Exercise prompt =>
Below are the records; output them exactly from the first line through the line with "new 2026 Jeep", stopping there.

Excerpted records section start

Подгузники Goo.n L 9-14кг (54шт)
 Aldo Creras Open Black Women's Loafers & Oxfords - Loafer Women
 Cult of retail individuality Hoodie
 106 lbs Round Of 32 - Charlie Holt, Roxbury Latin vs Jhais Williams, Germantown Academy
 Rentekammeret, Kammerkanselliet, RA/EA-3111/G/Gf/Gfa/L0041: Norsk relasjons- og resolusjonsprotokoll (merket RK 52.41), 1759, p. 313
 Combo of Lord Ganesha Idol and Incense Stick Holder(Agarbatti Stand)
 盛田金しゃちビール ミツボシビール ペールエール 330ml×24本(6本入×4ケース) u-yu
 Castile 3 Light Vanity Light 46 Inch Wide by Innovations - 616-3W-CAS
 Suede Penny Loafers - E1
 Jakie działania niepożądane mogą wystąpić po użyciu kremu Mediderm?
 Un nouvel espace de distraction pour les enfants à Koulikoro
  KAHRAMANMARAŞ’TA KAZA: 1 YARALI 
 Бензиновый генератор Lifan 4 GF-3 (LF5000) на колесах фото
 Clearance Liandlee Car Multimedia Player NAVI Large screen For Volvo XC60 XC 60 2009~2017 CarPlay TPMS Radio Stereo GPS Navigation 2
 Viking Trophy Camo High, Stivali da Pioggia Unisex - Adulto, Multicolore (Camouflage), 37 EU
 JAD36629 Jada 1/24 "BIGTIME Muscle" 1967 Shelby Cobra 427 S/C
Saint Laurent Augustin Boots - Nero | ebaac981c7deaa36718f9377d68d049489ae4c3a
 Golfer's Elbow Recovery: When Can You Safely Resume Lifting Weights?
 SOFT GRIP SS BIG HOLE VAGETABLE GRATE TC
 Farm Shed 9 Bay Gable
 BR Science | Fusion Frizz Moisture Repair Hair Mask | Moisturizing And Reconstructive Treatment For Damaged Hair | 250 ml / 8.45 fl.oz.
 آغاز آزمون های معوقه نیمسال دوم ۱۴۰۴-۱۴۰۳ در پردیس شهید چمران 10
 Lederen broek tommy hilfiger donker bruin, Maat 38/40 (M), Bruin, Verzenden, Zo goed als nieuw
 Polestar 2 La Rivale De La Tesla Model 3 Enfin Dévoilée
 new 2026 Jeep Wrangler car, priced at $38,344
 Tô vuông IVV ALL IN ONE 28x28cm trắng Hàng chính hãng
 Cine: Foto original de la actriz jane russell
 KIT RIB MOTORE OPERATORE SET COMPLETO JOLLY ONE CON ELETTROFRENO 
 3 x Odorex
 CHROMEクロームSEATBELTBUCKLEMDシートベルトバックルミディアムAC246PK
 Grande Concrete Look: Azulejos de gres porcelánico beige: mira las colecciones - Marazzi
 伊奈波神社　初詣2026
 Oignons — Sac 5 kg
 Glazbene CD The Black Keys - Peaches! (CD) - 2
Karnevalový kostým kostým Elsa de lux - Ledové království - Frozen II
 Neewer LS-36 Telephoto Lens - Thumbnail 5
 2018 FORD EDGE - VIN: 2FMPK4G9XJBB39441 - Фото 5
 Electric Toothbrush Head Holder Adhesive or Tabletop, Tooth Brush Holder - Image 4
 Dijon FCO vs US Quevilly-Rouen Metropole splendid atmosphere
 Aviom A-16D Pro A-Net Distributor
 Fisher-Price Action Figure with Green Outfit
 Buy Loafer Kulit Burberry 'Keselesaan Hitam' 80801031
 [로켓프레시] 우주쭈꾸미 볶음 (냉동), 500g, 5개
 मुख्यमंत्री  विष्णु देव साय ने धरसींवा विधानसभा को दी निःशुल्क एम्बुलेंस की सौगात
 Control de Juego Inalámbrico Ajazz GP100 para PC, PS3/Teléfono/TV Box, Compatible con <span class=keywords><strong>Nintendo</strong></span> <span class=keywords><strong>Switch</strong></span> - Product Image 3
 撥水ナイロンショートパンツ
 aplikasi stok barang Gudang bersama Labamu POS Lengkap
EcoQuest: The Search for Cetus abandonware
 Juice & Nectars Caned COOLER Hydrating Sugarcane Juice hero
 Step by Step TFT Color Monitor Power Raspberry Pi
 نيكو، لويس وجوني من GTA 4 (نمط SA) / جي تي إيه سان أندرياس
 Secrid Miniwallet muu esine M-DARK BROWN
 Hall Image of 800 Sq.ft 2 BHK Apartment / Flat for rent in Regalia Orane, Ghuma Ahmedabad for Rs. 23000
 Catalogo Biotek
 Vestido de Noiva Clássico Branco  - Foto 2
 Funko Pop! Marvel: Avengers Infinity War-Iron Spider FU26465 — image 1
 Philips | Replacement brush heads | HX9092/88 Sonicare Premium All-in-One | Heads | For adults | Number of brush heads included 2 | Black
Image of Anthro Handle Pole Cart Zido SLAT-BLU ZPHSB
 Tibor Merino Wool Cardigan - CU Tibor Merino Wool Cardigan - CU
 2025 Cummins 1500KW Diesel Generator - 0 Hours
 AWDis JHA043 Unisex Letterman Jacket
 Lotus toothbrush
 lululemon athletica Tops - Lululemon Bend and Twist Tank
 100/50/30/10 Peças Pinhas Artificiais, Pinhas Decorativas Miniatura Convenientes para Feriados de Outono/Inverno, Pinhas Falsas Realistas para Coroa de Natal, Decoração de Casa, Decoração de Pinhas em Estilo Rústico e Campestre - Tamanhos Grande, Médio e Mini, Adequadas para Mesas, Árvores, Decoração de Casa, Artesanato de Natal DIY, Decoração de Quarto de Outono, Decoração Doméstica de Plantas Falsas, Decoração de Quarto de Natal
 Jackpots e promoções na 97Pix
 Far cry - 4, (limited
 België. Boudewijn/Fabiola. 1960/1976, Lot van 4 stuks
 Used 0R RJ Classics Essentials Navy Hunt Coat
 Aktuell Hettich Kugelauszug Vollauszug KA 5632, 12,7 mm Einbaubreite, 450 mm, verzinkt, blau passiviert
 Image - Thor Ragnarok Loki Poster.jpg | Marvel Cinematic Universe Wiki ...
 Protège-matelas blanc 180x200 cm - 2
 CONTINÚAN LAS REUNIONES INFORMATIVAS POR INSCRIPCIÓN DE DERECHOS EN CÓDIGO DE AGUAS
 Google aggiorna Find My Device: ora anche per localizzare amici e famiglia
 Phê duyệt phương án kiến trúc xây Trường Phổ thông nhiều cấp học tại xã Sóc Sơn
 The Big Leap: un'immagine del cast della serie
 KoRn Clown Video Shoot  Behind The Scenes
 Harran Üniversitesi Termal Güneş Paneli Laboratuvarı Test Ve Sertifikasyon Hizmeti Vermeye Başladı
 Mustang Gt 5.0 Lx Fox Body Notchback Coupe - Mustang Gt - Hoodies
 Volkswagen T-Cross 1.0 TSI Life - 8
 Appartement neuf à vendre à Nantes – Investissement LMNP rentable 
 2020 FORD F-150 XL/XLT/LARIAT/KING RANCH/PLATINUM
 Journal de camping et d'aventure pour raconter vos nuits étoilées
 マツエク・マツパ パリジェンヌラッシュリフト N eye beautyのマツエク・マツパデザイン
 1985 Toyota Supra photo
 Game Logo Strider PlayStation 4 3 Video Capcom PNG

Excerpted records section end

Exercise result =>
Подгузники Goo.n L 9-14кг (54шт)
 Aldo Creras Open Black Women's Loafers & Oxfords - Loafer Women
 Cult of retail individuality Hoodie
 106 lbs Round Of 32 - Charlie Holt, Roxbury Latin vs Jhais Williams, Germantown Academy
 Rentekammeret, Kammerkanselliet, RA/EA-3111/G/Gf/Gfa/L0041: Norsk relasjons- og resolusjonsprotokoll (merket RK 52.41), 1759, p. 313
 Combo of Lord Ganesha Idol and Incense Stick Holder(Agarbatti Stand)
 盛田金しゃちビール ミツボシビール ペールエール 330ml×24本(6本入×4ケース) u-yu
 Castile 3 Light Vanity Light 46 Inch Wide by Innovations - 616-3W-CAS
 Suede Penny Loafers - E1
 Jakie działania niepożądane mogą wystąpić po użyciu kremu Mediderm?
 Un nouvel espace de distraction pour les enfants à Koulikoro
  KAHRAMANMARAŞ’TA KAZA: 1 YARALI 
 Бензиновый генератор Lifan 4 GF-3 (LF5000) на колесах фото
 Clearance Liandlee Car Multimedia Player NAVI Large screen For Volvo XC60 XC 60 2009~2017 CarPlay TPMS Radio Stereo GPS Navigation 2
 Viking Trophy Camo High, Stivali da Pioggia Unisex - Adulto, Multicolore (Camouflage), 37 EU
 JAD36629 Jada 1/24 "BIGTIME Muscle" 1967 Shelby Cobra 427 S/C
Saint Laurent Augustin Boots - Nero | ebaac981c7deaa36718f9377d68d049489ae4c3a
 Golfer's Elbow Recovery: When Can You Safely Resume Lifting Weights?
 SOFT GRIP SS BIG HOLE VAGETABLE GRATE TC
 Farm Shed 9 Bay Gable
 BR Science | Fusion Frizz Moisture Repair Hair Mask | Moisturizing And Reconstructive Treatment For Damaged Hair | 250 ml / 8.45 fl.oz.
 آغاز آزمون های معوقه نیمسال دوم ۱۴۰۴-۱۴۰۳ در پردیس شهید چمران 10
 Lederen broek tommy hilfiger donker bruin, Maat 38/40 (M), Bruin, Verzenden, Zo goed als nieuw
 Polestar 2 La Rivale De La Tesla Model 3 Enfin Dévoilée
 new 2026 Jeep Wrangler car, priced at $38,344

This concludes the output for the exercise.